Clive Crook, 05/09/12

 

French voters are deluding themselves if they think the man they just elected president offers a viable alternative to the departing Nicolas Sarkozy.

 

Francois Hollande’s socialist program is inoperable. Let’s hope he understands that. If he doesn’t already, he soon will.

 

Hollande’s campaign was a throwback to Francois Mitterrand’s failed socialist experiment of the early 1980s. The new president doesn’t oppose Europe’s fiscal pact because it needlessly imposes too much austerity too soon -- which is true. He opposes the very idea of structural reform. In France the government already spends 56 percent of gross domestic product. Hollande now promises, among other things, to hire tens of thousands of extra civil servants and roll back Sarkozy’s increase in the retirement age from 60 to 62.

 

He can’t think of a public spending program he doesn’t like. His rhetoric is stridently anti-capitalist. And he proposes to pay for this further expansion of government with higher taxes -- including a new top income tax rate of 75 percent.

 

France isn’t starting from a position of fiscal or financial strength. Capital markets were already nervous about its prospects. They will stamp on any conscientious attempt by Hollande to keep his crazy promises -- and if that happens, the wider crisis in the euro area will flare again. The question isn’t whether the crowds in Paris celebrating the return of good old-fashioned socialism will get what they want -- they won’t. The question is whether Hollande will row back from his campaign pledges quickly enough to avert disaster.

 

Tactical Judgment

 

The mood of jubilation among France’s unreconstructed leftists will make it difficult. And Hollande doesn’t have much time. Mitterrand took from 1981 to 1983 to discover that his policies constituted the alternative that Margaret Thatcher had in mind when she said, “There is no alternative.” Hollande may have just days to come to the same revelation. Looming parliamentary elections complicate the tactical judgment. Hollande needs voters to give him the majority in next month’s vote for the legislature. He can’t betray his supporters before then.

 

Whether it’s sooner or later, Hollande will be forced to acknowledge reality, and the disillusionment of the French left will be terrible.

 

But if it’s sooner, some good could come of his election. The European Union needs to replace or at least modify the fiscal pact that binds its member governments to curb public borrowing at once. It also needs an easing of monetary policy and steps toward a closer fiscal union, which would lift the threat of insolvency from its distressed sovereign borrowers. Germany has set its face against all these measures.

 

If Hollande tries to disinter the French socialist project, the gruesome results would strengthen the conviction of German chancellor Angela Merkel that brutal austerity is the only way for the euro area to overcome its problems. The situation would then go from bad to worse, and the stresses on the EU itself would be enormous.
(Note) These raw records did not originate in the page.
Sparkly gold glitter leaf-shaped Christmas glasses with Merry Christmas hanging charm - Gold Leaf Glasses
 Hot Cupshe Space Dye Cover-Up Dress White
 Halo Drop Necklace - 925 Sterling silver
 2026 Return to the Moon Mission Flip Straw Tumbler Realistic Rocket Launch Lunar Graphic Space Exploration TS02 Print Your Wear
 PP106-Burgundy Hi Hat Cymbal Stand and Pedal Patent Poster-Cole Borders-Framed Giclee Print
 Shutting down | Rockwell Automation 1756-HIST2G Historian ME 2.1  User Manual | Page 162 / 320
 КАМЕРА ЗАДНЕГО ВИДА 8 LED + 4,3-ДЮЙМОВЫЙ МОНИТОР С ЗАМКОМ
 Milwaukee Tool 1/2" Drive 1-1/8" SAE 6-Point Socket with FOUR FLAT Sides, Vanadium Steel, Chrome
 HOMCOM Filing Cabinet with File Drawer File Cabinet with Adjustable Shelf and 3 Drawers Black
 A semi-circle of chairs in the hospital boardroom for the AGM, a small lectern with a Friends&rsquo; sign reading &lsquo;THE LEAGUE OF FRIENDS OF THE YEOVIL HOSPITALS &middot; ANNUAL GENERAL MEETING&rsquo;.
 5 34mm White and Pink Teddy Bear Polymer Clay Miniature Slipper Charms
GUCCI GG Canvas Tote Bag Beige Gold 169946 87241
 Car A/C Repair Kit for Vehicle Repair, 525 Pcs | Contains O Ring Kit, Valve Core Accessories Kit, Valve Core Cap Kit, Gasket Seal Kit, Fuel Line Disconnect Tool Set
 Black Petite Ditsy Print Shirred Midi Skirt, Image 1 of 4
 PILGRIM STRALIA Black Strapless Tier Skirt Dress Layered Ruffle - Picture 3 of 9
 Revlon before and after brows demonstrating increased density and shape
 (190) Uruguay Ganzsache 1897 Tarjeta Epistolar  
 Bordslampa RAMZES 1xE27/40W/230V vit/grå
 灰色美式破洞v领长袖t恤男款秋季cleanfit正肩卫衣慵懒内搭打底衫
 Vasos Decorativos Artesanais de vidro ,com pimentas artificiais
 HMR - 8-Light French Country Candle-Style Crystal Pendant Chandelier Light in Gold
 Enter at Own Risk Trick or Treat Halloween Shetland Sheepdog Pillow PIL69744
But if Hollande can pivot in time to a milder program of coordinated fiscal moderation, high but not punitive taxes, and long-term control of public spending -- policies not that different from his predecessor’s -- Merkel and the Germans may choose to bend.

 

That’s possible because Sarkozy’s defeat was a defeat for Merkel, too -- her biggest to date. She had allied herself with the outgoing president, at one point even offering to campaign for him. (Sarkozy ultimately declined.) Governments that yielded to the German formula for recovery-through-austerity have been falling all across Europe.

 

Renewed Uncertainty

 

There was another election on Sunday -- in Greece. The two main parties had promised to honor the terms of the country’s bailout agreement with the EU and the International Monetary Fund. Both were routed, and the country was plunged into renewed uncertainty.

 

This worsening turmoil doesn’t advance German interests. It threatens economic ruin. Merkel’s refusal to bend is building resentment against her country’s dominant role in EU policy making. If Merkel wants to preserve that standing she’ll have to be more pragmatic.

 

Merkel’s officials have already been in touch with Hollande’s team, and a possible compromise on fiscal policy is taking shape. There’s talk of an increase of capital for theEuropean Investment Bank and jointly guaranteed bonds to finance new infrastructure investment. If that happens, Germany will insist it’s not a renegotiation of the fiscal pact, but a supplementary agreement. The commitment to fiscal control isn’t being softened, Merkel will say, but new measures to spur growth can be adopted alongside. Whatever.

 

A deal of the sort being discussed wouldn’t go far enough but it would be a move in the right direction. Full fiscal union won’t happen in the foreseeable future, because Germany would have to be willing to explicitly subsidize other countries, and the other EU states would have to be willing to let Germany dictate their fiscal priorities. That requires large-scale constitutional re-engineering. For the moment, it’s out of the question.

 

But this isn’t an all-or-nothing choice. Europe needs to find a middle way. For the EU to be a going concern, it must combine some degree of mutual fiscal support with a measured surrender of fiscal sovereignty. Joint “project bonds” for infrastructure would be a start.

 

Wisely, Hollande’s campaign was more about posture than specifics. We know he’s against austerity and for taxing the rich -- but he hasn’t drawn up a budget. That must wait, he says, until auditors have checked the government’s books. This could give the new president cover to rethink his position on longer-term fiscal control and structural reform. If he does that and insists on short-term fiscal moderation, whether this is deemed a renegotiation of the fiscal pact or merely a supplement to it, his election might help Europe.

 

But Hollande can’t be a good thing without letting his supporters down. That’s a hard truth to contemplate in your first week in office.

 

(Clive Crook is a Bloomberg View columnist. The opinions expressed are his own.)

 

To contact the writer of this article: Clive Crook at clive.crook@gmail.com.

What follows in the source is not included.